• Provided records
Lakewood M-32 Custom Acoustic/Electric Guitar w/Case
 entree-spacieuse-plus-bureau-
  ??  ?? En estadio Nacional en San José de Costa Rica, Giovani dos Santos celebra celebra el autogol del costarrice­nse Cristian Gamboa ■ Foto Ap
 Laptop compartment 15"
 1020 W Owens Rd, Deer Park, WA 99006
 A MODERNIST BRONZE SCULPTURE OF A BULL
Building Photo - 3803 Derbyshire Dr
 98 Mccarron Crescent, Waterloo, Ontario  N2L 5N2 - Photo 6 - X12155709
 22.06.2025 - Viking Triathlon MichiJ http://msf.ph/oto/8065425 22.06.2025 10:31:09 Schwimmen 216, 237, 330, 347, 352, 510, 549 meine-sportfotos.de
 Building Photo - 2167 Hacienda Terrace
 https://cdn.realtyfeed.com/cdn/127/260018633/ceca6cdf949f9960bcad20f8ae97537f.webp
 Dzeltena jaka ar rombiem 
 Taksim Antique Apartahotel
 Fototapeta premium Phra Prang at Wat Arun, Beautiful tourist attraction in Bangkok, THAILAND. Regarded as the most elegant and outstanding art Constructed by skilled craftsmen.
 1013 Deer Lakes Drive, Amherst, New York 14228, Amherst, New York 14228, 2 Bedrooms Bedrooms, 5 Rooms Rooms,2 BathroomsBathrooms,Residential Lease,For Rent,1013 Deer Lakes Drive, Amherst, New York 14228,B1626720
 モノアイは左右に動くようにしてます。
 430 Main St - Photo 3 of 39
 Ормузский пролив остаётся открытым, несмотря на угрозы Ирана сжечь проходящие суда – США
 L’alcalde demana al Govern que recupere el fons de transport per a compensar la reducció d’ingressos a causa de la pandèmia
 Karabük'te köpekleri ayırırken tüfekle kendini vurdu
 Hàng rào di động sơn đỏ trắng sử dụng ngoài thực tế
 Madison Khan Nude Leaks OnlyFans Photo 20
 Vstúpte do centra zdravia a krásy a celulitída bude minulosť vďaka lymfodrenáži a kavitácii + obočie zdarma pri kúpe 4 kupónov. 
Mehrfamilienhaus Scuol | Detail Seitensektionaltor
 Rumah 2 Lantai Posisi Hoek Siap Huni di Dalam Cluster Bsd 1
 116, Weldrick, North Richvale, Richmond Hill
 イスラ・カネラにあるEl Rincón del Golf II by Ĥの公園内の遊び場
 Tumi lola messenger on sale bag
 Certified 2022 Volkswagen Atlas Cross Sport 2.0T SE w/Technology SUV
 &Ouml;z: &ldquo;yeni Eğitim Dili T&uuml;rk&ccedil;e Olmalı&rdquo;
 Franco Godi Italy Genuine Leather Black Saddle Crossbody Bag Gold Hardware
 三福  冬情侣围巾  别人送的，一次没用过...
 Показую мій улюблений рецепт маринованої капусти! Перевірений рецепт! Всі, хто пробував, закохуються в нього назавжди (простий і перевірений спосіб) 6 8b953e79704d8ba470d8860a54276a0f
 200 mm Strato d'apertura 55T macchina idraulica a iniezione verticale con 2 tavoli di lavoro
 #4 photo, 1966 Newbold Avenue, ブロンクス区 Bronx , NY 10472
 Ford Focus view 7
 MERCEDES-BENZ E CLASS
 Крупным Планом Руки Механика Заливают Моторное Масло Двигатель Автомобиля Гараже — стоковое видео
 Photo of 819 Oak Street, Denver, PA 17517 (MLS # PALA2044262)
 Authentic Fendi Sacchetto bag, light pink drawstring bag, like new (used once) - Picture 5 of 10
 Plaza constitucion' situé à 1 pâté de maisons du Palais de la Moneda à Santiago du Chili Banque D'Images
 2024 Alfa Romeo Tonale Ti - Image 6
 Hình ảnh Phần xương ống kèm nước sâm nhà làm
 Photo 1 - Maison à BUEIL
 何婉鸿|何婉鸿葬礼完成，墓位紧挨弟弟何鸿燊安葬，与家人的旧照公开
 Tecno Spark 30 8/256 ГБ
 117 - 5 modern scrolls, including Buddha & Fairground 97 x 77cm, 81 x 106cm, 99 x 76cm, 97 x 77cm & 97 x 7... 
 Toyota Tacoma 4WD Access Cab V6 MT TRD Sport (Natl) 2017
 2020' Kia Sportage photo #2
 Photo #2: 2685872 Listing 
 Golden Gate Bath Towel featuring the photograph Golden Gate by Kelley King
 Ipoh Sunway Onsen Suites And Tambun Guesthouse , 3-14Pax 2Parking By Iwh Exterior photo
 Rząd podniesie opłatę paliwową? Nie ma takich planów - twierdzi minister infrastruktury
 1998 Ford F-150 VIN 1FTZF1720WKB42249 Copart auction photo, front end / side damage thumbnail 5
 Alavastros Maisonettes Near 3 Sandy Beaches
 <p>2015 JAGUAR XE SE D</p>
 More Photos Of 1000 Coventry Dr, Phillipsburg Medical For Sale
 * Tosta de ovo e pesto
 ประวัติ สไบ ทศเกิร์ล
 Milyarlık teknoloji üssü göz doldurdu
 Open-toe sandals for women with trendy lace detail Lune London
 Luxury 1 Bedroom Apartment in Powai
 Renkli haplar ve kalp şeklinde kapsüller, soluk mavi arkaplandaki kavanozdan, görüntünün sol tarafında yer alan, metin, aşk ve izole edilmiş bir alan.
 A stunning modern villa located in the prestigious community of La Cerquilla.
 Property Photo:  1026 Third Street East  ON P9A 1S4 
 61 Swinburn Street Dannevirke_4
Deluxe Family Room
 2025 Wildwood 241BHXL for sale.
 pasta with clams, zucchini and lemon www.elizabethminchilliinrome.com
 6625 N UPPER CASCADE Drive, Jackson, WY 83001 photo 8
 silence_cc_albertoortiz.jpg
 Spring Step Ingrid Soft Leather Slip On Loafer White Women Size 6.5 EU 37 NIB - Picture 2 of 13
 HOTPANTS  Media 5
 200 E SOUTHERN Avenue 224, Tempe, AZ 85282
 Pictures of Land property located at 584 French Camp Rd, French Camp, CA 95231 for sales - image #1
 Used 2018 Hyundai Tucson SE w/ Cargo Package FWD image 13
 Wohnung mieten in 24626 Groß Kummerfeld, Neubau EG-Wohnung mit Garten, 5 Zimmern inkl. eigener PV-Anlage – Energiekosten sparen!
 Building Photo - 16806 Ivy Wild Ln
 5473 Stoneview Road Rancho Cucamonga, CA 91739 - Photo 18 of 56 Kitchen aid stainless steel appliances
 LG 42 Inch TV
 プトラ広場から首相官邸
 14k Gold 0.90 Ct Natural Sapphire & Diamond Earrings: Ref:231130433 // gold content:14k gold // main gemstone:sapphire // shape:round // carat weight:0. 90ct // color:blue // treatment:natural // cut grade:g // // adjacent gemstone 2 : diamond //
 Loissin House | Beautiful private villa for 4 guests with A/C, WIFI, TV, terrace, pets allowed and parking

• Exercise aim
Starting at the line that contains "Franco Godi Italy" and stopping after the line that contains "Photo of 819", write out every line exactly as it appears above, and no other line.

• Solution for this problem
 Franco Godi Italy Genuine Leather Black Saddle Crossbody Bag Gold Hardware
 三福  冬情侣围巾  别人送的，一次没用过...
 Показую мій улюблений рецепт маринованої капусти! Перевірений рецепт! Всі, хто пробував, закохуються в нього назавжди (простий і перевірений спосіб) 6 8b953e79704d8ba470d8860a54276a0f
 200 mm Strato d'apertura 55T macchina idraulica a iniezione verticale con 2 tavoli di lavoro
 #4 photo, 1966 Newbold Avenue, ブロンクス区 Bronx , NY 10472
 Ford Focus view 7
 MERCEDES-BENZ E CLASS
 Крупным Планом Руки Механика Заливают Моторное Масло Двигатель Автомобиля Гараже — стоковое видео
 Photo of 819 Oak Street, Denver, PA 17517 (MLS # PALA2044262)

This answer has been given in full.